In the preamble to the November regulations, the Secretary stated that the reason for the change was that the test for whether a default was caused by improper servicing or collection specified in the April regulations made the adjudication of appeals too time-consuming for the Secretary. Moreover, the Secretary asserted that the new standard should make it easier for schools to show errors in a cohort default rate, but that he would apply “whichever standard would be more favorable to the institution.”
AACS contends, however, in Counts 1 and 2 of its complaint that the November standard is, in fact, more difficult — not easier— for schools to satisfy, and that the Secretary has refused to apply the more favorable of the two tests, and is instead applying only the November standard. AACS further argues that schools that initially amended their appeals for 1989-1991 (as the April regulations instructed them to do) were disadvantaged by the subsequent announcement of *1259the November standard. According to AACS, the Secretary refused to allow these schools to further amend their appeals to conform with the November requirements.
AACS also complains in Counts 4 and 5 that the erroneous data appeals process does not give schools an adequate opportunity to review data and loan servicing records in order to identify any mistakes in the calculation of the schools’ cohort default rate. Count 4 alleges that this practice violates both the Higher Education Act and the APA and Count 5 alleges that it violates due process.
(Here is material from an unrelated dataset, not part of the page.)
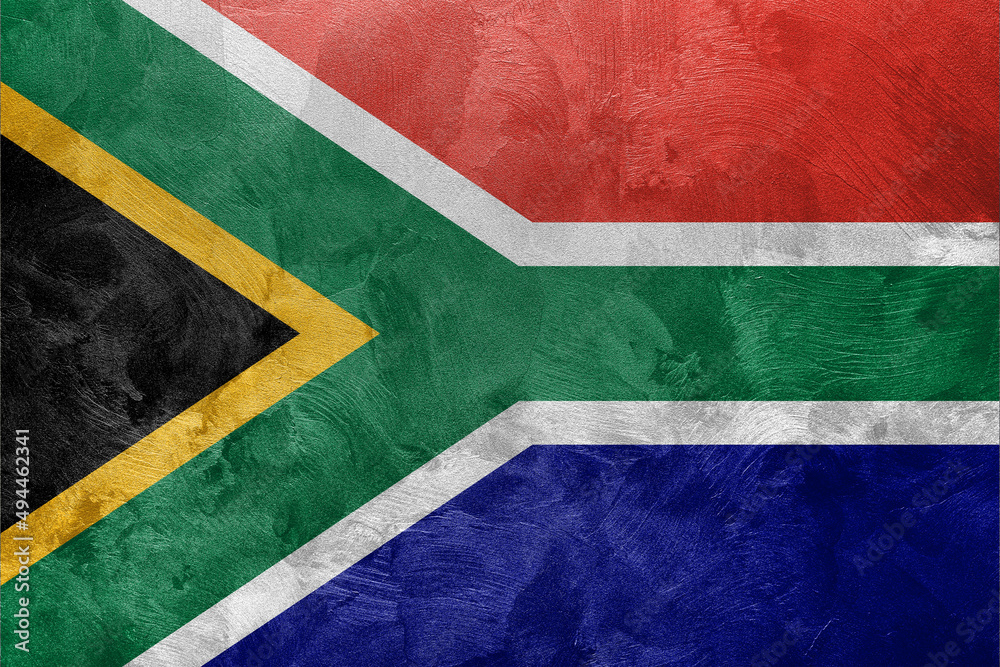 Textured photo of the flag of South Africa.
AACS furthermore contends that the Secretary has stated, in “Enclosure One” to his recent appeal decision letters, that he will not consider any arguments about this practice in the context of administrative appeals.
In addition to these complaints about the appeals process itself, AACS asserts in Count 3 that the Secretary’s practice of determining when a loan enters repayment violates the plain meaning of the statute governing such calculations. AACS contends that the statute and regulations require the Secretary to make a day-specific determination: a loan enters repayment on the first day after the expiration of a six-month grace period. AACS is correct. The statute clearly provides that “the repayment period ... shall begin (i) the day after 6 months after the student” is no longer in school on at least a one-half time basis. 29 U.S.C. § 1078(b)(7). Despite that unambiguous directive from Congress, AACS asserts that the Secretary has allowed lenders to make a “month specific” calculation that results in a different cohort default rate. AACS further points out that the Secretary admitted in a 1996 “Dear Colleague” interpretive guidance letter that it is using the allegedly illegal procedure and that it intends to continue that practice.
In view of these facts, it is clear that all of AACS’s claims may properly be brought directly in federal court and that no administrative hearing is necessary or even appropriate. It appears that the majority misapprehends the purpose of administrative exhaustion, which is to allow agencies to adjudicate “complex, fact bound, discretionary determinations” within the particular competence of the agency. Gete v. Immigration and Naturalization Serv., 121 F.3d 1285, 1292 (9th Cir.1997). This is not such a case.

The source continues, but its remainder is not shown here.